They are four different assessments of more or less entity but ones who have not missed any of the large pro-independence mass rallies that have been held in Catalonia since 2010. Nobody knows for sure wheher the momentum -to which the Catalan president, Quim Torra, was referring at the start of his mandate- will arrive within his term as head of the Catalan government. On the other hand, what is taking place is the confrontation of strategies and the disparity of views before an autumn that presents itself without a clear road map.

But it will all start on 11th September. For better or worse. The 11th September Diada is never just another mass rally: it is a measure of the pro-independence movement. It is a state of mind and a protest day. To date, there has always been unity. This 11th September the claim will have to pull from a certain feeling of defeat, mindful that those who expect the failure of the Diada find their best ally in the pro-independence division.

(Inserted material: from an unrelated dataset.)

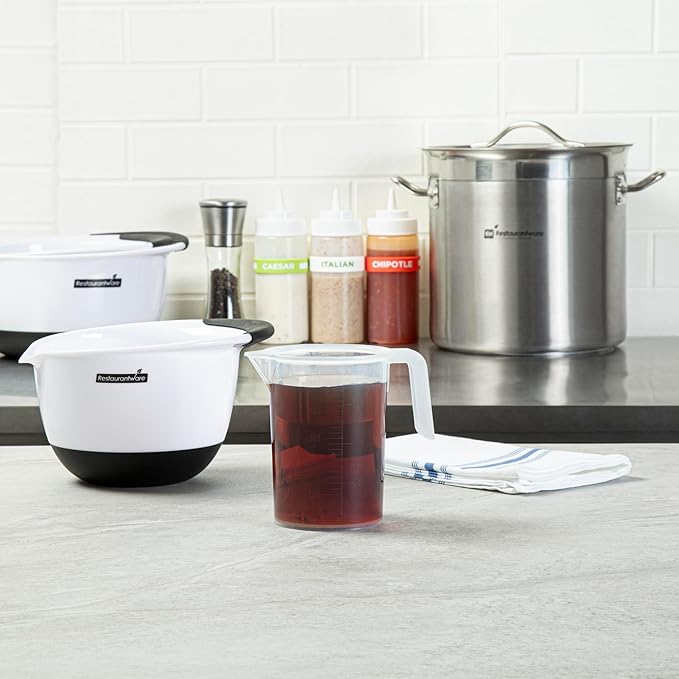 Restaurantware Measuring Cup, 16 Ounce Pack of 1 Conical Spout Liquid Scaling Vessel Embossed Ml and Oz Graduations, Clear Plastic Measuring Cup with Handle, For Cooking Baking For Oil Flour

“It is the same every year and, in the end, people massively take to the streets on the Diada,” says a retired politician who had government responsibilities and ensures, angry, that he will not miss the protest. In an institutionally collapsed Spain, with parties unable to agree to form government and with the Catalan territorial issue as its true Trojan horse, Catalan pro-independence should do anything but falling into ridicule. And while deciding on which is the jointly agreed road-map, there is nothing better than exhibiting the strength of the movement and showing the world that pro-independence remains Catalonia’s central force.

*The Diada, 11th September, is Catalonia's National day. Since 2012, the ANC has, with Òmnium Cultural, organised large-scale rallies, attended by supporters of independence from all around Catalonia.